Many Border checks could be done remotely if needed, says Varadkar

Discussion of frontier will be on agenda when Angela Merkel visits Dublin

Preparations for dealing with the EU frontier on the island of Ireland will be one of the main items on the agenda when the German chancellor Angela Merkel visits Dublin today for talks with Taoiseach Leo Varadkar. Photograph: Toby Melville/Reuters

Preparations for dealing with the EU frontier on the island of Ireland will be one of the main items on the agenda when the German chancellor Angela Merkel visits Dublin today for talks with Taoiseach Leo Varadkar. Photograph: Toby Melville/Reuters

 

Many Border checks and procedures after a no-deal Brexit could be done remotely, Taoiseach Leo Varadkar has said, but animal checks can only be done physically by vets.

Mr Varadkar said the Government will propose that these checks take place at Northern ports on animals arriving from the UK but that would require the British government to co-operate. He said the collection of tariffs and customs duties could be administered either online or through tax offices.

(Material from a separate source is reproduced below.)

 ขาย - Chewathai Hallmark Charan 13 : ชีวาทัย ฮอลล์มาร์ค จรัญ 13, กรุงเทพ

“Animal checks are much more difficult,” Mr Varadkar told the Dáil. “They can only possibly be done physically by vets. It is our view that those checks should take place at ports and that the island of Ireland should be treated as a whole when it comes to sanitary and phytosanitary standards, SPS. That would, however, require the co-operation of the UK.

“All we can do at this stage, without knowing what is going to happen, is explore options. We are doing that and it is happening at official rather than Government level.”

Remaining evasive

Senior sources hinted that discussions with the European Commission on no-deal preparations were more advanced than the Government has indicated, though the Government is remaining evasive in public.

Two sources stressed the need to keep the Border discussions behind closed doors as any suggestion that checks could be avoided entirely would allow Brexiteers to claim that there was no need for the backstop, even though the EU remains completely committed to its retention.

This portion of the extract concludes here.